▶ _Records for the task_:
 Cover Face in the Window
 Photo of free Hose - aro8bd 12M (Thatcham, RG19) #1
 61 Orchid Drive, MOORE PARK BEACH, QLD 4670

==

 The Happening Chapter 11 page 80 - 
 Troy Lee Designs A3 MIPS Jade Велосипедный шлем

--

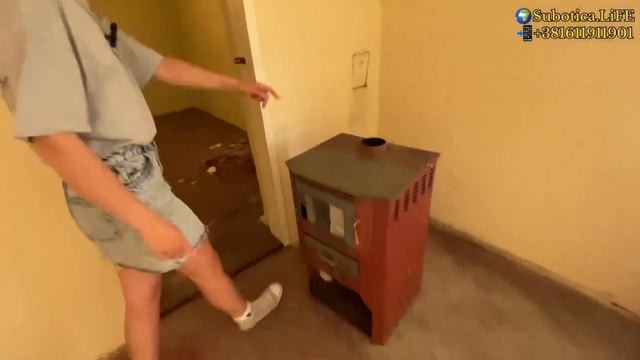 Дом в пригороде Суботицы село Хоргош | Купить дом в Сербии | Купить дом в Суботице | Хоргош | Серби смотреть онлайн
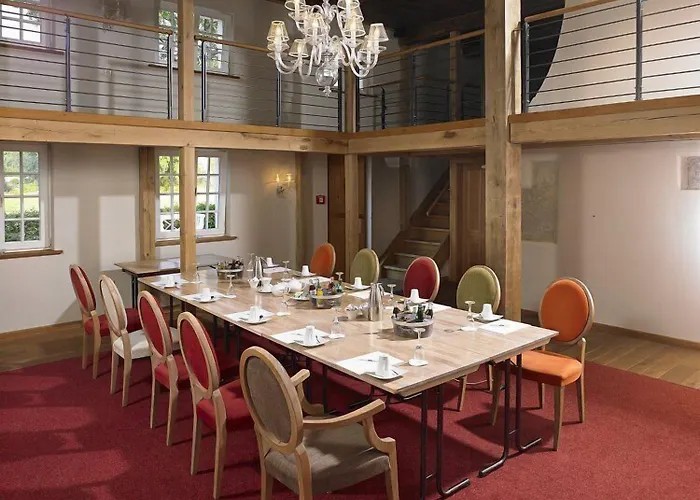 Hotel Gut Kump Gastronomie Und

▶ _Directions for this task_:
Only one stretch of the entries above is wanted: the lines from the one containing "Cover Face in the Window" through the one containing "61 Orchid Drive, MOORE PARK BEACH, QLD 4670". Please reproduce it exactly.

▶ _Solution for this exercise_:
 Cover Face in the Window
 Photo of free Hose - aro8bd 12M (Thatcham, RG19) #1
 61 Orchid Drive, MOORE PARK BEACH, QLD 4670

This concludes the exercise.